Il marketing degli strumenti è una piaga.
Una generazione di marketer è cresciuta con una specializzazione basata sullo strumento anziché su di una funzione del funnel: e ricomporre le logiche quando la necessità diventa evidente è poi difficile, non ne abbiamo più la cultura.
Non vediamo più la strategia di marketing generale, presi tra un “influencer marketing” e un “search engine marketing”.
Perché oggi il digitale è talmente pervasivo, che non è più uno strumento, ma solo un livello, uno strato che pervade qualsiasi attività, dall’advertising, alle PR, al direct marketing, alle vendite (multicanalità, e-commerce, ecc.).
In realtà le automazioni — basate sui dati — sono utilissime, consentono di evitare errori di bias (cioè prendere decisioni a sentimento o basate sull’opinione dello stipendio più alto nella stanza) e risparmiare un sacco di tempo inutile e di scalare attività in modo mai visto prima.
Quello che intendevo è che non dobbiamo confondere tattiche (trovare audience simili) con la strategia (Chi sono io? A chi mi rivolgo? Come mi differenzio?). Quindi è giustissimo agire per esempio sul costo di acquisizione, e fare in modo che sia il minore possibile usando AI ecc. ma attenzione che nessuna automazione riesce a comprendere ancora in modo globale la strategia e il business complessivo di un’azienda.

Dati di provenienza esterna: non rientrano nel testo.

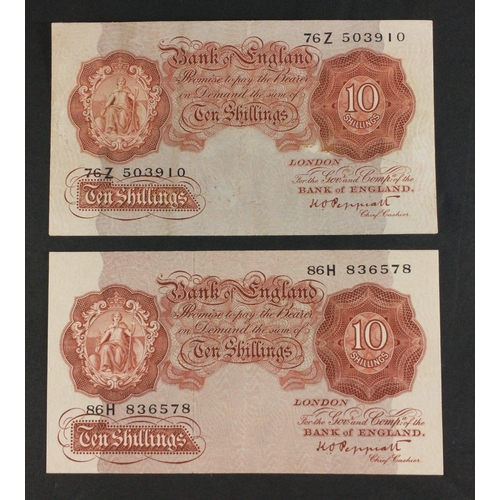 1 - Two UK Peppiatt 10/- ten shilling brown Banknotes in good collectible condition.#1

E in questo caso potrebbe massimizzare il numero di acquisizioni di clienti a scapito della loro customer lifetime value, ecc.

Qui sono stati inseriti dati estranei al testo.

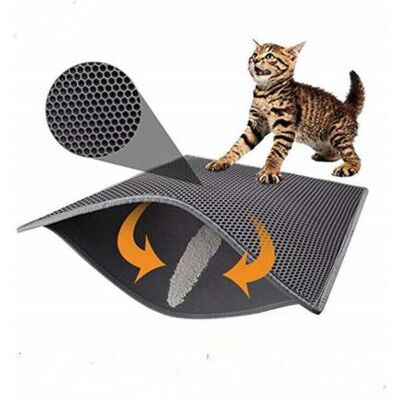 ABYSSE Tapis De Litière Pour Chat, Pliable Double Couche Nid D'Abeille Étanche Chat Mangeoire Tapis De Protection De Sol Et Tapis Facile À Nettoyer (40 50cm) - Publicité ABYSSE Tapis De Litière Pour Chat, Pliable Double Couche Nid D'Abeille Étanche Chat Mangeoire Tapis De Protection De Sol Et Tapis Facile À Nettoyer (40 50cm) - Publicité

Non credo ci sia una grande differenza tra PMI e grandi aziende su questi temi, ma solo una diversa maturità generale.
Le piccole non usano ancora abbastanza i dati, e a volte nemmeno il marketing moderno, e potrebbero essere accecate dalla tentazione del pilota automatico, “ci pensa Facebook o Google”; le grandi hanno il problema spesso di non avere obiettivi condivisi tra dipartimenti in tutta la customer journey, per cui la comunicazione ottimizza il numero di contatti senza tener conto delle vendite, il marketing ottimizza il risultato delle vendite usando solo leve di breve periodo, ma se ognuno guarda solo al suo orticello non si massimizza il risultato finale, anche se “siamo digitali”.
Chi vuol essere per tutti normalmente non è per nessuno, questo ci porta a parlare di nicchie: credi che ogni prodotto possa avere la sua nicchia o ci sono delle eccezioni? Ci fai un esempio?
È l’epoca dell’accesso facile: possiamo googlare qualsiasi prodotto ci venga in mente, e la domanda ci troverà.
Per questo per i brand di massa è sempre più complicato mantenere le vecchie quote di mercato: loro devono vincere sempre, mentre per i brand di nicchia basta vincere una volta.
Naturalmente non ci sono ricette per qualunque settore.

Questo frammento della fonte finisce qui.